The following are several Combat Decks from successful decks I have played

Red Talons Wolfpack Combat Deck (Pack deck, 25 cards)

The trick here is to get as many characters in combat as possible; Battle Fervors combined with a Hunting Party or Attacking the Wyrm give a large choice of combat actions to use, even with the high number of combat events in the deck. If its not dead in the first two rounds, break off.

7th Generation Combat Deck (Hide deck - 20 cards)

Hide! Avoid those horrid Garou! Those claws and teeth hurt! Bide your time, wait for an easy target, and hit quickly with a Fast Strike. There are enough reasonable damage cards here to be a threat as well. Take advantage of weakened opponents, and be patient.
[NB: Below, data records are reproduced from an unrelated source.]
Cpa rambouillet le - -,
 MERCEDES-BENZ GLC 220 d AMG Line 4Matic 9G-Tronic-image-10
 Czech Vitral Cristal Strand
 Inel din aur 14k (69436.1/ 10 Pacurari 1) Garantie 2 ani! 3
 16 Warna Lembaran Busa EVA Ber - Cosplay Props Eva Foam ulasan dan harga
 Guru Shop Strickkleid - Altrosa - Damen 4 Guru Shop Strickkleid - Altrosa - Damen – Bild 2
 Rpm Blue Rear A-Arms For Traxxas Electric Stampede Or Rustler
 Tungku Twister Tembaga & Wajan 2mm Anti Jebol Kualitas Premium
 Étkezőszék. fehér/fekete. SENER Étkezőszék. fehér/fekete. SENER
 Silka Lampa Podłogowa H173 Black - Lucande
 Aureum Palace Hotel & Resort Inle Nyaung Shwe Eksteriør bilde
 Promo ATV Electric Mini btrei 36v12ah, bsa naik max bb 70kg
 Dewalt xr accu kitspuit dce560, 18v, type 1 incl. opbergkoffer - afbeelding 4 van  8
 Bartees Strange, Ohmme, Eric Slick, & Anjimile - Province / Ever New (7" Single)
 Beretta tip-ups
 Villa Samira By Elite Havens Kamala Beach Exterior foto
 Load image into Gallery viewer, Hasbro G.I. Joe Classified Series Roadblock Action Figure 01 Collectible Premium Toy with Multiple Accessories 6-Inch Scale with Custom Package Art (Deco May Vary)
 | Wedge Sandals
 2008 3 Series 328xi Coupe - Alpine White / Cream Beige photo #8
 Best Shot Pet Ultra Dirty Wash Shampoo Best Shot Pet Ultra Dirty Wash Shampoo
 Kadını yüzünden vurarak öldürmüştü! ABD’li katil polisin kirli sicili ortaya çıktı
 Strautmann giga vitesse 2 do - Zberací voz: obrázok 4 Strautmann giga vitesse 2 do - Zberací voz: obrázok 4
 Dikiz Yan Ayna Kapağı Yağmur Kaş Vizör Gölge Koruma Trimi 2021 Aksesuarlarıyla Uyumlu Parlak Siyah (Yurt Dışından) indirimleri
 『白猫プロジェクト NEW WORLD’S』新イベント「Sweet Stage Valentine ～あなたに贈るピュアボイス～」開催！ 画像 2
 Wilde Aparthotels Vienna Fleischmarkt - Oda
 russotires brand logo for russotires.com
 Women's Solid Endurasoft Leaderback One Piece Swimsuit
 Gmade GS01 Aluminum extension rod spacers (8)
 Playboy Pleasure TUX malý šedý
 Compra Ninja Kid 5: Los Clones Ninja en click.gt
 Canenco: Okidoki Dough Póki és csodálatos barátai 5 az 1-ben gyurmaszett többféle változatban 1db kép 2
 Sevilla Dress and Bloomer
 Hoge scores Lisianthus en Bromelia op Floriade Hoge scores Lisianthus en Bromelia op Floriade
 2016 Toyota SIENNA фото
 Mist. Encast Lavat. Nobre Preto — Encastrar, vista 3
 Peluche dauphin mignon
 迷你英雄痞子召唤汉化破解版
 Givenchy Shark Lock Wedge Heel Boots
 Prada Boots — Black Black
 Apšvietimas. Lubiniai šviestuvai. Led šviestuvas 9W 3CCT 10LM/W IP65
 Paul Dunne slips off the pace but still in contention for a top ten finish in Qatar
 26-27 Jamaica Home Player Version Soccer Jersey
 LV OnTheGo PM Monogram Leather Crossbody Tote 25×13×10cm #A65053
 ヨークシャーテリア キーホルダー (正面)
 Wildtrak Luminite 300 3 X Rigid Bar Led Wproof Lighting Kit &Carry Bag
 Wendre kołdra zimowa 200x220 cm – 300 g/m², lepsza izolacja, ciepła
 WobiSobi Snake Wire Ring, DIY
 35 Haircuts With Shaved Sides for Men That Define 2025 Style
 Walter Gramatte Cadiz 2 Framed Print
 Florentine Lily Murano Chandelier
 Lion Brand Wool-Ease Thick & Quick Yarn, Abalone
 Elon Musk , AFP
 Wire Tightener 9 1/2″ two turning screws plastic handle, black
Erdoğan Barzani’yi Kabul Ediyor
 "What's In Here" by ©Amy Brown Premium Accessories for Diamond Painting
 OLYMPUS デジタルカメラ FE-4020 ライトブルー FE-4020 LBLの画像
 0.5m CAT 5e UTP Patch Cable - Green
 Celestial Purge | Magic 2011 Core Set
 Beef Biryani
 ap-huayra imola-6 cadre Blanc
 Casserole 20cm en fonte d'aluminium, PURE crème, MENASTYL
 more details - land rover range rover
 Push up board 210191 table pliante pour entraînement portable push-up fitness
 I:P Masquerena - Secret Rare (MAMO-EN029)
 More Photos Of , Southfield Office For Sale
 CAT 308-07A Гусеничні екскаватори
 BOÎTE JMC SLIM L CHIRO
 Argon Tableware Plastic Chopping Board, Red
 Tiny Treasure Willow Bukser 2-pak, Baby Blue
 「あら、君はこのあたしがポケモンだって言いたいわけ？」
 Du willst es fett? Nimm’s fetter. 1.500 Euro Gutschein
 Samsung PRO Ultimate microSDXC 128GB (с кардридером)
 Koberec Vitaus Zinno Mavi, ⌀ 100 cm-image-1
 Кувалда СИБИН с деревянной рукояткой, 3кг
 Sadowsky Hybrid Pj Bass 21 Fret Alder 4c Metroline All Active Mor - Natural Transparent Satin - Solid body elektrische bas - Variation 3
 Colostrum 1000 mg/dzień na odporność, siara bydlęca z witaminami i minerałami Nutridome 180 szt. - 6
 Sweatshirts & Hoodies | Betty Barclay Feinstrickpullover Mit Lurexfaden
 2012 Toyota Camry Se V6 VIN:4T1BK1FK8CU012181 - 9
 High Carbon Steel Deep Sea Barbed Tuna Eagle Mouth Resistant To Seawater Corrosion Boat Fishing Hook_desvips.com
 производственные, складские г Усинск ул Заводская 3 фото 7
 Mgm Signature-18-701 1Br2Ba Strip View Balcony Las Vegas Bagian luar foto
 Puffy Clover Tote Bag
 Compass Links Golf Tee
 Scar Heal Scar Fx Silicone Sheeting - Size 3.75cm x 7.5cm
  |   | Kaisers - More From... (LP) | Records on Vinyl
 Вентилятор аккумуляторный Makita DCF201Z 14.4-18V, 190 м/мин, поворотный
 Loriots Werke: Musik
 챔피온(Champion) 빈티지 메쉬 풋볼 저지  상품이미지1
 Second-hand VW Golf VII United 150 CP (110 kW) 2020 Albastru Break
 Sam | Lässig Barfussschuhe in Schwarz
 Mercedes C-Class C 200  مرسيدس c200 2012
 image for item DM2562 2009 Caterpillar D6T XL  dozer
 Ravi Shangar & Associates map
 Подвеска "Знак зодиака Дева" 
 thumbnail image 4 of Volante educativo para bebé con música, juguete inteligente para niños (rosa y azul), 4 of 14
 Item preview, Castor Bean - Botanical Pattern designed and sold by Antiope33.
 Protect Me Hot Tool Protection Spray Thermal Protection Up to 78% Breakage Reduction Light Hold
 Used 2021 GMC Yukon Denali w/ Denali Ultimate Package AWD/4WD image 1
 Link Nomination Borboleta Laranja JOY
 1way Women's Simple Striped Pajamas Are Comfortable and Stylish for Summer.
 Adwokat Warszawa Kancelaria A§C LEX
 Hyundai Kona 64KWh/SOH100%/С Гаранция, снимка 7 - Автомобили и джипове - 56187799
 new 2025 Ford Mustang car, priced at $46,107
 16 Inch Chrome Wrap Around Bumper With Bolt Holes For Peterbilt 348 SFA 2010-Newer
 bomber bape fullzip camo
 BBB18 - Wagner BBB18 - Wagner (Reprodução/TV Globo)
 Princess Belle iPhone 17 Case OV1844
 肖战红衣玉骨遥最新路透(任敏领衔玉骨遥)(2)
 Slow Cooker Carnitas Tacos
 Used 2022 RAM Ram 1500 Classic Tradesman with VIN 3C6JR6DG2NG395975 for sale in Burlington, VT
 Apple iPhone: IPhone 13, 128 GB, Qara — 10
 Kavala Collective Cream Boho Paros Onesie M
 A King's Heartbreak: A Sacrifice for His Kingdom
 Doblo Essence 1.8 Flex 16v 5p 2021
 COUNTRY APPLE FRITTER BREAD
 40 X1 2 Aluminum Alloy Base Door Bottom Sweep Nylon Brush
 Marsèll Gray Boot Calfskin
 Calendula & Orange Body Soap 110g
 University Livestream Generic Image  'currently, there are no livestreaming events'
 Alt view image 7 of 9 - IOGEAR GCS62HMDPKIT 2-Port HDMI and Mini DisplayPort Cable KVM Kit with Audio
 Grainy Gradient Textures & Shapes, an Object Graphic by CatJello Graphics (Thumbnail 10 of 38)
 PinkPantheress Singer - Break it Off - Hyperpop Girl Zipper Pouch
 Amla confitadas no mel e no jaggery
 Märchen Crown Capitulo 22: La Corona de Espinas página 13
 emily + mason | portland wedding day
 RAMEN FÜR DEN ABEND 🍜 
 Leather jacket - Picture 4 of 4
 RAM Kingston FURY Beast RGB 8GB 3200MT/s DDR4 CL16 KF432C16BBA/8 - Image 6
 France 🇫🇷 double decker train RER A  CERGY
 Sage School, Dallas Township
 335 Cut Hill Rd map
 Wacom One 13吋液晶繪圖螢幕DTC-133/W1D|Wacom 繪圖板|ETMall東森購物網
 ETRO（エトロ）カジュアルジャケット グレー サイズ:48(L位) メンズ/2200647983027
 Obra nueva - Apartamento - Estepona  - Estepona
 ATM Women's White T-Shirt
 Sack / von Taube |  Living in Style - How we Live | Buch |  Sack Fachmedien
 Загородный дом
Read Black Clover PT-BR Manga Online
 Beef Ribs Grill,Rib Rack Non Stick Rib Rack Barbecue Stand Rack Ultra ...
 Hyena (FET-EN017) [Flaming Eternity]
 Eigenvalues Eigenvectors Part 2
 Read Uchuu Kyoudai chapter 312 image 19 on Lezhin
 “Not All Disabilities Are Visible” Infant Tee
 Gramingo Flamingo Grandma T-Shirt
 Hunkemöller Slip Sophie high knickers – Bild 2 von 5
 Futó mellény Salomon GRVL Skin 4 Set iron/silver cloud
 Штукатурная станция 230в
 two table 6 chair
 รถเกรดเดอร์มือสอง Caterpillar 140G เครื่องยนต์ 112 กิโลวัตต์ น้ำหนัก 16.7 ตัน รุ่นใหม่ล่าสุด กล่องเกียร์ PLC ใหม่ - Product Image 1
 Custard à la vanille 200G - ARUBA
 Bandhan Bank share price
Ahroun Deck (Harm Deck - 30 cards)

This deck breaks my 25-card limit. Since a lot of the cards are in the same Rage/Damage range, the deck still works, and there are not that many combat events to clog the hand. The maximum Rage (without modifiers) for the Garou in this deck is 8 (Gere Hunts-the-Hunters), so nothing over 8 Rage appears in the combat deck. A lot of cards are tossed in for the sheer visceral fun of it..

While the Combat deck is a vital element for Rage, the Sept deck must support the combat deck and vice-versa. It is critical for the Sept deck to bolster the Garou in their combat; the exact nature of the Sept deck will depend on the characters chosen for the pack even more than the Combat deck. However, learning the strengths and weaknesses of each particular style will help you to select the characters for your deck..

Howl Loudly and Rage Often!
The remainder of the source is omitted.